第十八の断片「…怖くないか、か」
北米。
ぐがぁぁぁ……ん!!!
ずがぁぁ……ん!!!
砲撃音が轟き渡る。移動要塞「神を突き刺すバベルの塔」が揺れ、黒煙を噴き上げる。
拮抗していたHA・上位次元・米軍連合とバリスタスとの北米での戦いは、覇道軍の基地内突入をきっかけに、そのバランスをバリスタス劣位に崩していた。戦場をひっかき回していた覇道軍の主力がバリスタス基地内に突入し、残りがそれを支援する形になったため、バリスタス側は依然として両方に対処せねばならぬが、連合側はバリスタスに対して戦力を集中する事が出来るようになった為である。
おぉおおお…………んんん…………!
地霊巨人たちが呻き声を上げて崩壊してゆく。残りの数は少ない。これが全滅すれば大型兵器の数で劣るバリスタス側は基地の外の戦を押し切られてしまう。そうなれば既に内部ダメージで防御力が低下しつつある要塞そのものを破壊されかねない。そうなれば、その時点で戦は終わってしまう。

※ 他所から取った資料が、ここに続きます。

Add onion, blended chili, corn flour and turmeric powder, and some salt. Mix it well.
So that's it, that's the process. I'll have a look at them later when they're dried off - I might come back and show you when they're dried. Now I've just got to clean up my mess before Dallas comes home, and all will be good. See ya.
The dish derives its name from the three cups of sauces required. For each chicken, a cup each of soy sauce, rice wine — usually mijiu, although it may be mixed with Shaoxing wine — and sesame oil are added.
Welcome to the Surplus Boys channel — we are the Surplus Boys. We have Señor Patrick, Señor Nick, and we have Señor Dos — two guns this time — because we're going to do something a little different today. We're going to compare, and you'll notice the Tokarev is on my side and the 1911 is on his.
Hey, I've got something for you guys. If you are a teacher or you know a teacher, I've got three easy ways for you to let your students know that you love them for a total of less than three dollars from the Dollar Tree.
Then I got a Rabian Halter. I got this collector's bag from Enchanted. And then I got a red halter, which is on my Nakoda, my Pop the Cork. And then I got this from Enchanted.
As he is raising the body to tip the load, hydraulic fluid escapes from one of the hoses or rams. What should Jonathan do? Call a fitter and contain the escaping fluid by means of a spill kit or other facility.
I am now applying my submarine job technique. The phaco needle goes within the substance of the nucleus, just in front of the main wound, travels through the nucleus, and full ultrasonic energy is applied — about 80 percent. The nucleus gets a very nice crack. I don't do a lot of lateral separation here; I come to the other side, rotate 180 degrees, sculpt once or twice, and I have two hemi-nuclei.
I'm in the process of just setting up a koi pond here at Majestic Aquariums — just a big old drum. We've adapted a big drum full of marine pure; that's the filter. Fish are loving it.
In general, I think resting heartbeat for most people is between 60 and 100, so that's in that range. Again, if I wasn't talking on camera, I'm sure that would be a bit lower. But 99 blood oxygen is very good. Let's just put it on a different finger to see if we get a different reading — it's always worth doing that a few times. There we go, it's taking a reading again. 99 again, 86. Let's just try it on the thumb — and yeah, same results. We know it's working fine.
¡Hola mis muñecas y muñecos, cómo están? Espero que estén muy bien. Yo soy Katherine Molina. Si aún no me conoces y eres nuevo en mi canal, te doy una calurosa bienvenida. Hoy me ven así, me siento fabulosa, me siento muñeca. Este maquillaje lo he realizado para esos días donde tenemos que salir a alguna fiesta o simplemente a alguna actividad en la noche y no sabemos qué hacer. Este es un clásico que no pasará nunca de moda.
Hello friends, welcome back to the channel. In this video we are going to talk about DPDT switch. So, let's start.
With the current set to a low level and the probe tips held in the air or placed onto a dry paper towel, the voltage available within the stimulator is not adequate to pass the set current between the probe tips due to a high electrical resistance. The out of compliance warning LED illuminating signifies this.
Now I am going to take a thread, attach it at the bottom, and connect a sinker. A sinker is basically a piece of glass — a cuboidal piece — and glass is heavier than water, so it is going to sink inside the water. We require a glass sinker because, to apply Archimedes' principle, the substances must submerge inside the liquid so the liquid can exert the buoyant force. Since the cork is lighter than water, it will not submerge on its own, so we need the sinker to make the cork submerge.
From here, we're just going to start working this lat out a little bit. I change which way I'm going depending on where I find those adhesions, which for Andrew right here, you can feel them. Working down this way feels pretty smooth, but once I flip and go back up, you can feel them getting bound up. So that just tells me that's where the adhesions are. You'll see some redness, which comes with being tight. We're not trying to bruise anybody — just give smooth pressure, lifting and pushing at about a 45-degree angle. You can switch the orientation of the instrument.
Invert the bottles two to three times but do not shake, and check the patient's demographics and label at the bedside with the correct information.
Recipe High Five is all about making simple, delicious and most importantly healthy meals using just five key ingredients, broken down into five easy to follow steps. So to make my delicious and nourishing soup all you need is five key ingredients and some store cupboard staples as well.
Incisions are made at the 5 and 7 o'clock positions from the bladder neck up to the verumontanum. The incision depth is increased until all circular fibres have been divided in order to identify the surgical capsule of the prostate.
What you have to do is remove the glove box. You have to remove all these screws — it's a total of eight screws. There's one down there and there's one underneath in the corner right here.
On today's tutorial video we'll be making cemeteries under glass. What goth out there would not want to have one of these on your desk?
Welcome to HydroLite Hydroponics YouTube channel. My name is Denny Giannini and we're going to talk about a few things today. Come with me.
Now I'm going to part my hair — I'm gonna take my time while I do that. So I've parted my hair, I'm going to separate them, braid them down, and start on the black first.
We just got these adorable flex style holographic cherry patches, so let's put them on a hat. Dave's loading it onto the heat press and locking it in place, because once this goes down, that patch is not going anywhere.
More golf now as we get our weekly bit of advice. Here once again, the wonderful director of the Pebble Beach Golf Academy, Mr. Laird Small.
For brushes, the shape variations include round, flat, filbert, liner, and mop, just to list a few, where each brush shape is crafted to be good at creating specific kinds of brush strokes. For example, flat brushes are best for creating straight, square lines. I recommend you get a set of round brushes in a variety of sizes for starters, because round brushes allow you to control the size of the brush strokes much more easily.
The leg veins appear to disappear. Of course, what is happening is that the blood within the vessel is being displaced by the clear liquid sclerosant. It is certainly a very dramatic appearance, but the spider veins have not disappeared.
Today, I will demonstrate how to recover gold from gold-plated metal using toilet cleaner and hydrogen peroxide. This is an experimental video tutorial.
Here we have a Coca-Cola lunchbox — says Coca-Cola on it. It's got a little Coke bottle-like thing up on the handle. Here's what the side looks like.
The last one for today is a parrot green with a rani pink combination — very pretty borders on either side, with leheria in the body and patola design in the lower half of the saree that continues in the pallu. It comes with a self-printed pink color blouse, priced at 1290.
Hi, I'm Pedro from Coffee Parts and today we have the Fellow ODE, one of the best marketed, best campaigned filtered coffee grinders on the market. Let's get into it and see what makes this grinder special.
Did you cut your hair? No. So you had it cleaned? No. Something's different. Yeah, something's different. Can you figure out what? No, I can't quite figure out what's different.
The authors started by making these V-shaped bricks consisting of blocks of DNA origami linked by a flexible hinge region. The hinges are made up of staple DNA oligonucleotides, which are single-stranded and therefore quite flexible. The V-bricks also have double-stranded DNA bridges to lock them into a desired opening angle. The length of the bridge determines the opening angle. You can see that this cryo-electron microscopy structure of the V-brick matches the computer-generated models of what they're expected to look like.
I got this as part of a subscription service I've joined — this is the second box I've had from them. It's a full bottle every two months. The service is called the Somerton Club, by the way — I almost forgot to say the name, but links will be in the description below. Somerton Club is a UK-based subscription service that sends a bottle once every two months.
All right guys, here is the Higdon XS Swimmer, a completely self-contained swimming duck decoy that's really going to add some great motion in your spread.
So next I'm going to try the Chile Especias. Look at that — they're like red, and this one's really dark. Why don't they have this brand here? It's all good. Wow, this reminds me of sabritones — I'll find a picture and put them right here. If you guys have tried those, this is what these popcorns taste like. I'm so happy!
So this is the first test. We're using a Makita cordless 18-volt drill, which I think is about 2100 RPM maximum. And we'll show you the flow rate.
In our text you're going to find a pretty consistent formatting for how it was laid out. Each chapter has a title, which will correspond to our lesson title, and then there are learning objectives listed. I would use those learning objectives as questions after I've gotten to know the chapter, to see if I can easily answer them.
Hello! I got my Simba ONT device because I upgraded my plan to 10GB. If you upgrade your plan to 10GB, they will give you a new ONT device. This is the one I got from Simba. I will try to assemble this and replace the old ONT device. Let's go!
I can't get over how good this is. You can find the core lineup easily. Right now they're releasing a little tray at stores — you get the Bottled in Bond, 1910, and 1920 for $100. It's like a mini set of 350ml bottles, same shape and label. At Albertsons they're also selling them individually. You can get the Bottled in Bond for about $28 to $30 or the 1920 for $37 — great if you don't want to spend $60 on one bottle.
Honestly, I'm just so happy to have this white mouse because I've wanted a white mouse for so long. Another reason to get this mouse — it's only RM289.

「そういう訳にはいかんのでな。今少し持ちこたえねば、全てが無駄になってしまう。わしがでるぞ。」
腕を組んで要塞の装甲の破れ目から外を睥睨し、蠍師匠が宣言する。
「!し、しかしあの数を相手にしては、如何に師匠といえども…!?」
蠍師匠の訓練を受けた黒蝗兵が叫ぶ。
「命を賭し、賭け、そして使う事になろうな」
己の死を、それに対して蠍師匠は平然と答えた。
「何、既に一度終わったものが、リサイクルされて長らえ、ここまで色々な事をやったのだ。元に帰ると思えば、むしろ長らえ成したことを思えば得よ」
「…!」
また弟子をとることが出来た。そう言下に師匠に表情で語られては、何でその薫陶を受けた黒蝗兵にそれを止められようか。
「では、行ってくる」
敬礼で送る黒蝗兵にさらりと言いおいて、蠍師匠はこの第二の生における最後の戦闘を開始した。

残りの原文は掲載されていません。